Logs Pipeline Documentation

Overview

The Soperator logs pipeline collects, stores, and provides search capabilities for logs from SLURM jobs, system components, and Kubernetes events. It uses VictoriaLogs for storage and OpenTelemetry collectors for log collection.

Architecture

┌────────────────────────────────────────┐     ┌─────────────────┐     ┌─────────────────┐
│          Jail Filesystem               │     │   K8s Nodes     │     │  K8s Events     │
│ ┌─────────────┐ ┌────────┐ ┌─────────┐ │     │ ┌─────────────┐ │     │ ┌─────────────┐ │
│ │ NCCL Logs   │ │ SLURM  │ │ SLURM   │ │     │ │ System Logs │ │     │ │ K8s Events  │ │
│ │             │ │ Jobs   │ │ Scripts │ │     │ │             │ │     │ │             │ │
│ └─────────────┘ └────────┘ └─────────┘ │     │ └─────────────┘ │     │ └─────────────┘ │
└────────────────────┬───────────────────┘     └────────┬────────┘     └────────┬────────┘
                     │                                  │                       │
         ┌───────────▼───────────┐         ┌────────────▼────────┐   ┌──────────▼────────┐
         │  OTel Collector       │         │  OTel Collector     │   │  OTel Collector   │
         │  (Jail Logs)          │         │  (System Logs)      │   │  (Events)         │
         │  Single Deployment    │         │  DaemonSet          │   │  Deployment       │
         └───────────┬───────────┘         └────────────┬────────┘   └─────────┬─────────┘
                     │                                  │                      │
                     └──────────────────────────────────┴──────────────────────┘
                                                        │
                     ┌──────────────────────────────────┴──────────────────┐
                     │                                                     │
         ┌───────────▼─────────────┐                           ┌───────────▼─────────────┐
         │    VictoriaLogs         │                           │  Nebius Cloud Logging   │
         │    (Local Storage)      │                           │  (OTLP Ingestion)       │
         │    :9428                │                           │  write.logging.*.       │
         │                         │                           │  nebius.cloud:443       │
         └─────────────────────────┘                           └─────────────────────────┘

Cloud Delivery

Logs are delivered to both local VictoriaLogs and Nebius Cloud Logging (when publicEndpointEnabled: true), providing immediate local access and long-term cloud storage.

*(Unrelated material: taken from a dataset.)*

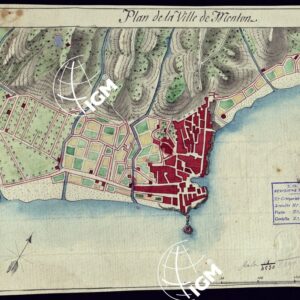 PLAN DE LA VILLE DE MENTON.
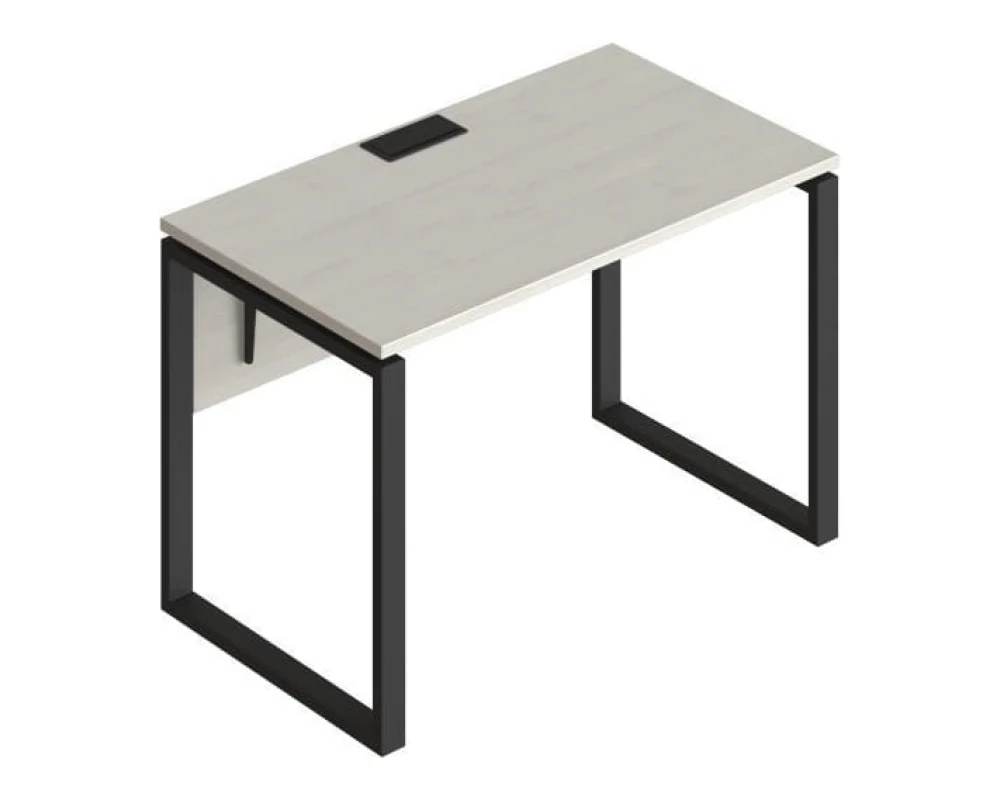 Стол прямой на металлических опорах ФТМ-120+ФМК2-120+ФЦ-120 Форма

Local: VictoriaLogs at port 9428 for direct API queries
Cloud: Nebius Cloud Logging via OTLP/gRPC with bearer token authentication

Components

Log Collection

1. OpenTelemetry Collector - Jail Logs

Purpose: Collects logs from the jail filesystem
Deployment: Single pod deployment on system nodes
Log Sources: See Centralized Logging Scheme below
Poll Interval: 30s (configurable)

2. OpenTelemetry Collector - System Logs

Purpose: Collects system logs from nodes
Deployment: DaemonSet (disabled by default)
Log Sources: Node system logs
When to Enable: For debugging node-level issues

3. OpenTelemetry Collector - Events

Purpose: Collects Kubernetes events
Deployment: Single pod deployment

Log Storage

VictoriaLogs

Purpose: Log storage and search engine
Port: 9428
Storage: 30Gi persistent volume
Query Language: LogsQL
Features: Fast full-text search with direct HTTP API access

Log Querying

Direct VictoriaLogs API Access

VictoriaLogs provides a direct HTTP API for log queries using LogsQL syntax:

Connection and Query Examples:

# Port-forward to VictoriaLogs
kubectl port-forward -n logs-system svc/vm-logs-victoria-logs-single-server 9428:9428

# Search by namespace
curl "http://localhost:9428/select/logsql/query?query=k8s.namespace.name:soperator-system"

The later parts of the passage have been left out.